The same story was repeated wherever the RSF advanced.
The breadbasket regions of Gezira and Sennar along the Blue Nile, a place of vast irrigated farms, have been ravaged.
People there are going hungry for the first time in generations.
Starvation is worst in Darfur, especially in el-Fasher, the only city in the region still controlled by the army and its local allies.
Surrounded by the RSF, the city depends on precarious supply routes that cross the battle lines. It is in the Zamzam camp for displaced people near el-Fasher that the aid group Médecins sans Frontières (MSF) first reported famine levels of malnutrition.
For its part, the army has fallen back on its tried-and-tested strategy of cutting off rebel-held areas. Its logic is that if it can choke off external supplies, the RSF’s local supporters will become discontented and some of its units may defect.
That tactic worked well when it was fighting the long war in southern Sudan from 1983 to 2005. Its generals regret that they allowed the UN to send aid, which, they believe, sustained the rebellion for long enough to enable the southerners to claim their independence.
The SAF controls Port Sudan, the country’s only port and its major route for imports. Even more importantly, the United Nations recognises the SAF as the sovereign government.

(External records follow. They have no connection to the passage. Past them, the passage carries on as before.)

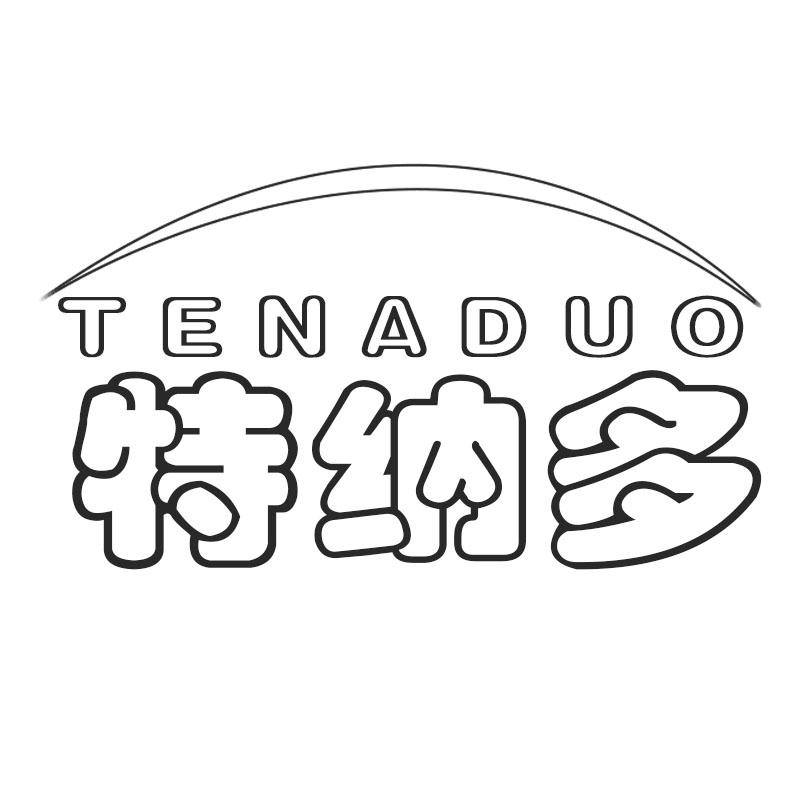 特纳多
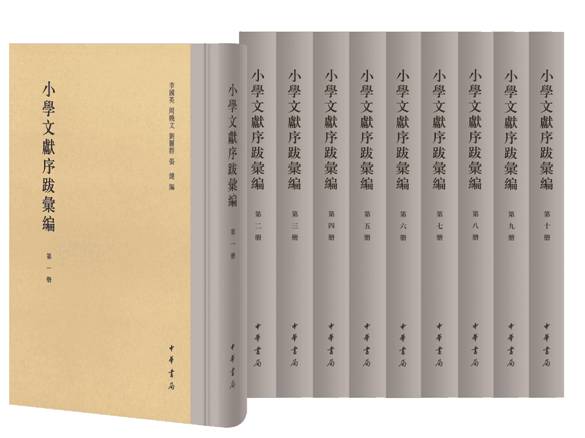 文史哲类书_文史哲著作_文史哲书单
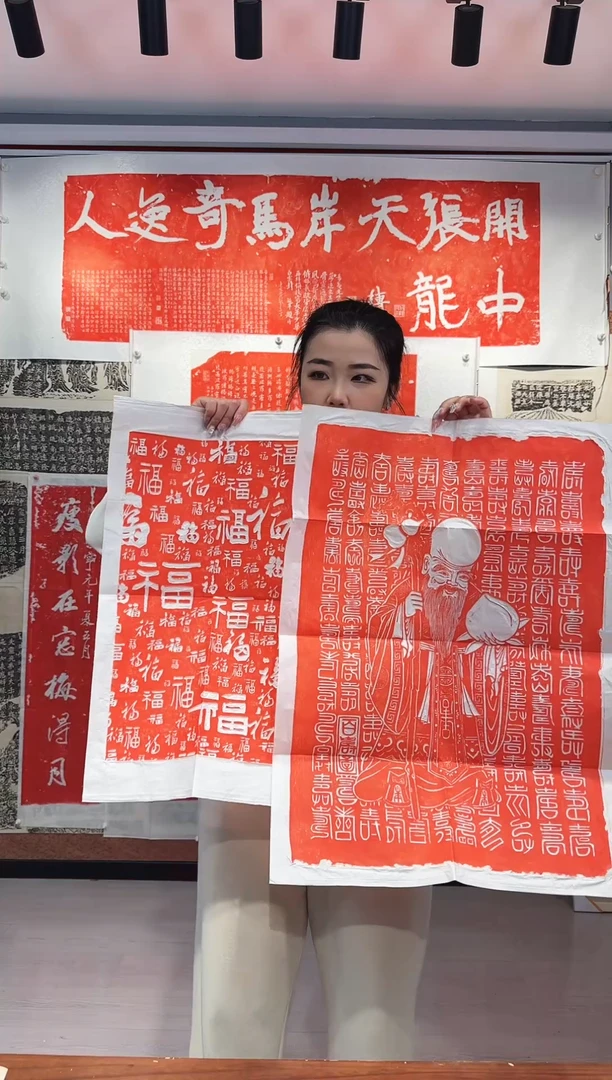 【闪购商品】拓片用纸印石111111111111111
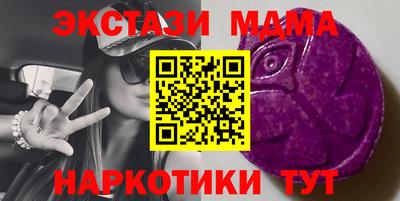 дистиллят марихуана Кандалакша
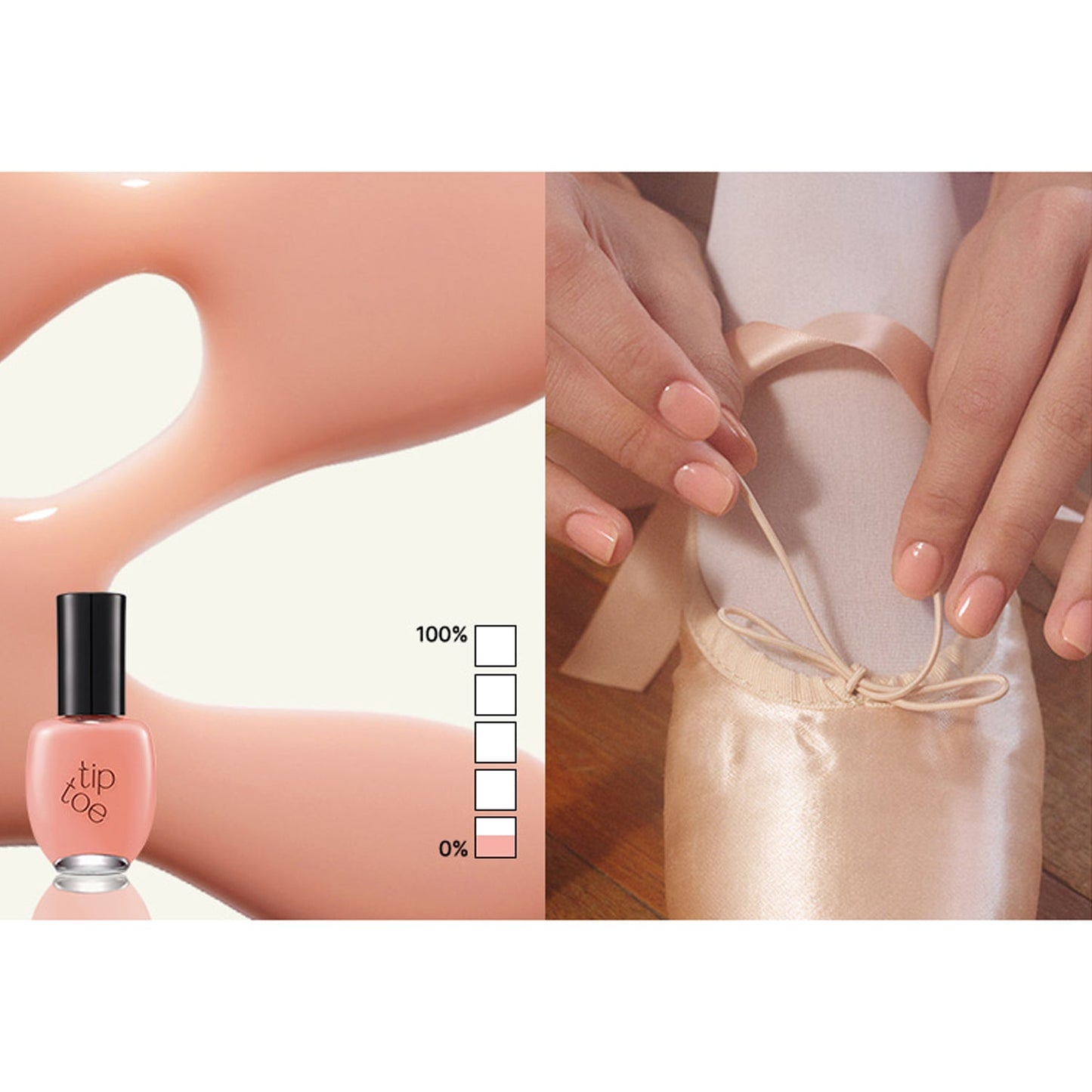 Tiptoe Syrup & Paint & Shimmer Nail 16 Shades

Even though there are no SAF troops within 100 miles (160km) of the Chad border – which arms smugglers cross at will – the UN’s lawyers insist that World Food Programme lorries must have official government permission to drive the few miles from the Chadian border town of Adré along sand tracks into Darfur.
And the SAF has played the sovereignty card to maximum effect.
A mere trickle of aid
In June, Sudan’s ambassador to the United Nations, Al-Harith Idriss al-Harith Mohamed, condemned talk of starvation as a conspiracy by the country’s enemies to justify intervening.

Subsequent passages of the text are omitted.